Geography Question - England
What is the correct name of the ISLAND that is the location of England, Wales, and Scotland?
I have always referred the the entire island as "England" but surely that cannot be correct.
Is it "Great Britain" -- but that's a political construct, not a geographical designation, yes?
Does anyone know?
|by Anonymous||reply 16||06/21/2013|
Scotland, Wales, and England constitute Great Britain. Throw in Northern Ireland and you have the United Kingdom.
|by Anonymous||reply 1||06/20/2013|
Weird though it seems, Great Britain is a geographical not societal construct.
It's Greater Brittany. That's a description of the pre Norman Celtic entity. Welsh speakers could make themselves understood in Celtic Brittany.
United Kingdom only dates from early 18th century when a gay Scots king exerted tyranny over everyone.
The flag or 'union jack' is a Scots construct and the Red Cross flag of England borrowed from Acquitaine in Frabce
|by Anonymous||reply 3||06/20/2013|
ok, update, act of union happened under Stuart queen anne I think
|by Anonymous||reply 4||06/20/2013|
Thanks so much, r2.
Who says DL is a waste of time? I learn something new nearly every day!
|by Anonymous||reply 5||06/20/2013|
Golly gee whillikers, how wonderful for you, OP/R6, you lazy twat too self-indulgent and dull to use google.
|by Anonymous||reply 6||06/20/2013|
Bite my crank and then run go die, r7.
|by Anonymous||reply 7||06/20/2013|
Great Britain is the largest island in the archipelago that makes up the British Isles, Great meaning largest in this context. England, Scotland and Wales are located on Great Britain. Northern Ireland is on a separate island within the British Isles. England, Scotland, Wales and Northern Ireland are the four constituent parts of The United Kingdom. The Channel Islands (Jersey, Guernsey etc.) are Crown Dependencies, not part of the UK but under the protection of the UK.
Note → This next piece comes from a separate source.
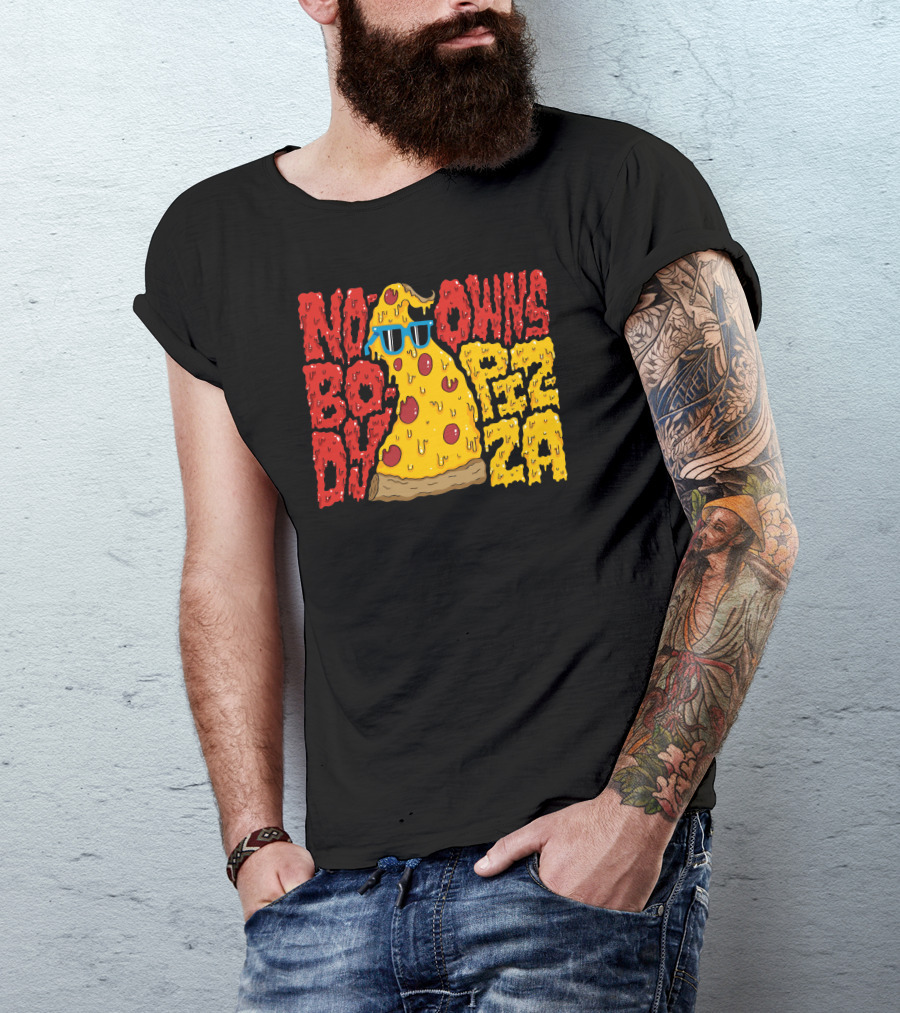 NOBODY OWNS PIZZA Slice With Sunglasses T-Shirt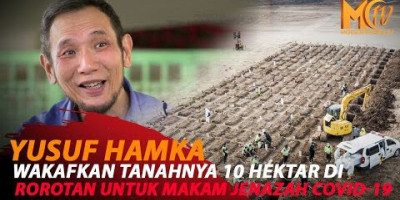 JUSUF HAMKA WAKAFKAN 10 HEKTAR TANAH UNTUK MAKAM COVID-19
The union flag isn't a Scottish construct, it's an amalgam of the flags of St. George, St. Andrew and St. Patrick, the patron saints of England, Scotland and Northern Ireland. The St. George's Cross represents both England and Wales for this purpose as Wales was considered part of England when the flag was first designed.
So, short version: calling it England is wrong on every level.
|by Anonymous||reply 8||06/20/2013|
Fun fact to know and tell:
In terms of square miles, the island of Great Britain and the US state of Minnesota are pretty close.
|by Anonymous||reply 9||06/20/2013|
Now can someone explain that whole trinity thing?
|by Anonymous||reply 11||06/20/2013|
She was neo's girlfriend.
|by Anonymous||reply 12||06/20/2013|
So Ireland is Little Britain, is it not?
|by Anonymous||reply 13||06/20/2013|
[quote]I have always referred the the entire island as "England" but surely that cannot be correct.
Well you and most other Americans/Euros etc. I actually like it better cause you're being more specific and usually that's what's meant. English people themselves often tend to say "England" for everything.
I also love the internet meme "British accent", it sounds funny. r13 you could also say "The British Isles" but it doesn't have a nice ring to it.
England is Britain at the end of the day. It has 10 times or more as many people than the other countries. It also has about the highest population density of any country in the world, if you look at it that day.. I think it was highest at one point.
|by Anonymous||reply 14||06/20/2013|
The level of ignorance displayed in this thread appals me.